Urapiorum felix regio, « l’heureux pays de Hurepoix[1], » disaient les anciens géographes en parlant de la province à laquelle ils donnaient Dourdan pour capitale ; et à leurs yeux cette contrée où s’entremêlaient bois, prairies, moissons, vignes et vergers, était un contraste, un dédommagement créés tout exprès par la nature à côté de la région moins favorisée du Gâtinais, Wastinium, pays des « Gastines » sablonneuses ou forestières.
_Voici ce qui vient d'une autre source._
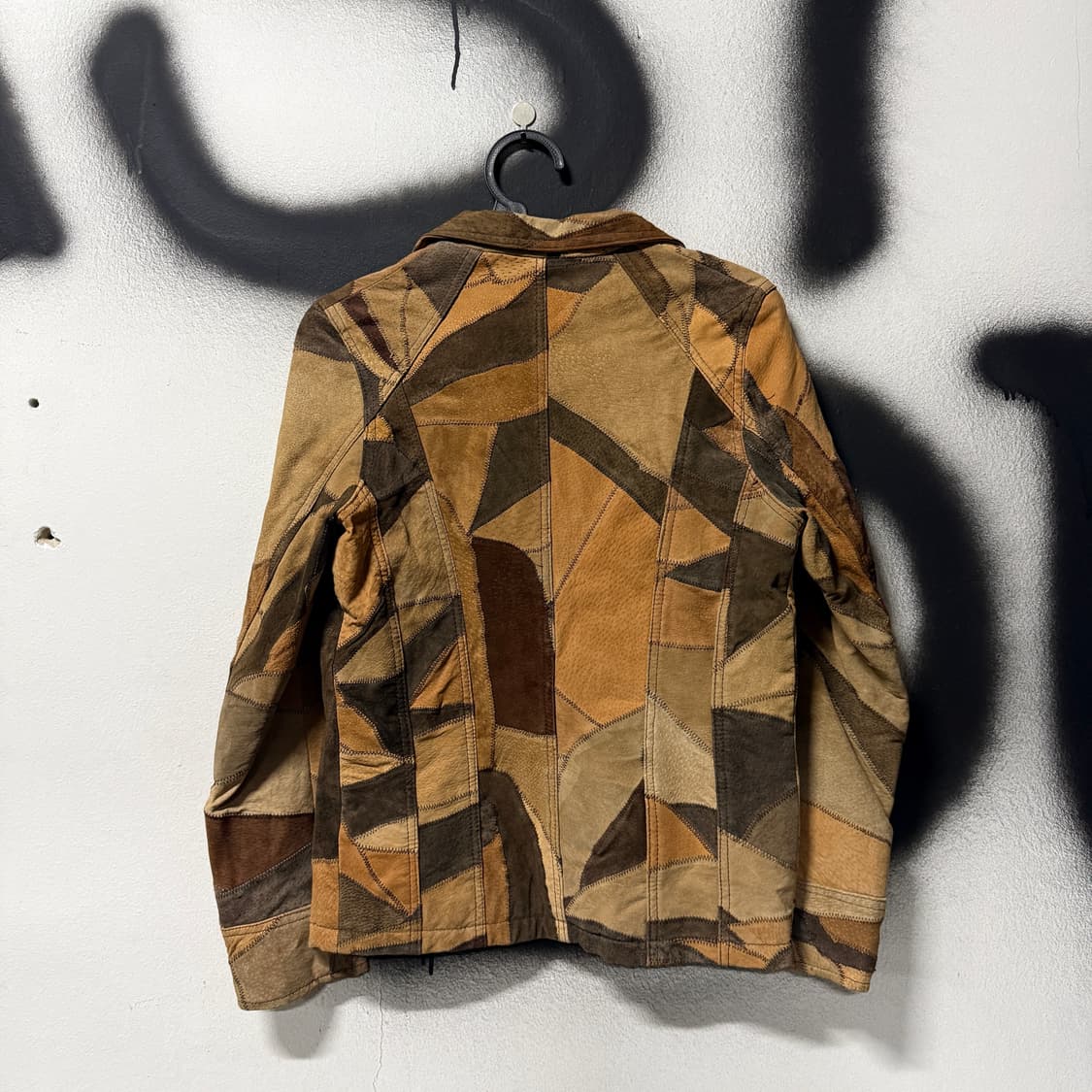 VTG 빈티지 돈피 스웨이드 패치워크 가죽 자켓 상품이미지2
Aussi mal défini comme origine que comme étendue, le Hurepoix était ce pagus Huripensis, Heripensis, Mauripensis ou Morivensis, dans lequel venait se confondre le Châtrais ou Josas, et dont Dourdan, Chevreuse, Corbeil, la Ferté-Alais, Palaiseau étaient les villes principales[2], tandis que le Gâtinais revendiquait les duchés d’Étampes, de Nemours, le comté de Rochefort et quantité d’autres seigneuries.

Géologiquement, Dourdan appartient encore à la Beauce ; il est situé sur un des anciens rivages de ce grand lac d’eau douce qui expirait tout près de là, dans les sables, au nord et au nord-est, et dont l’immense bassin se creusait au sud-ouest, rempli jusqu’au bord du sédiment calcaire témoin irrécusable de ses flots disparus.

Aussi loin qu’on peut remonter dans l’histoire, on trouve tout ce vaste espace entre Paris et Orléans couvert de grandes et impénétrables forêts, dont celles de Saint-Germain, Rambouillet, Dourdan, Orléans, Fontainebleau, etc., ne sont que des lambeaux détachés. Au cœur de ces forêts, qui étaient elles-mêmes le cœur de la Gaule, les Carnutes apparaissent comme les antiques possesseurs du sol. Au temps de César, l’homme avait déjà morcelé par le défrichement et coupé par des voies cette vaste agglomération de bois. La portion qui s’étendait sur les confins de la

  1. Papirius Masson, Description de la France par les fleuves. — G. Morin, Hist. du Gâtinais et du Hurepoix.
  2. Guérard, Provinces et Pays de la France, Annuaire de la Soc. d’hist. de France, an. 1837.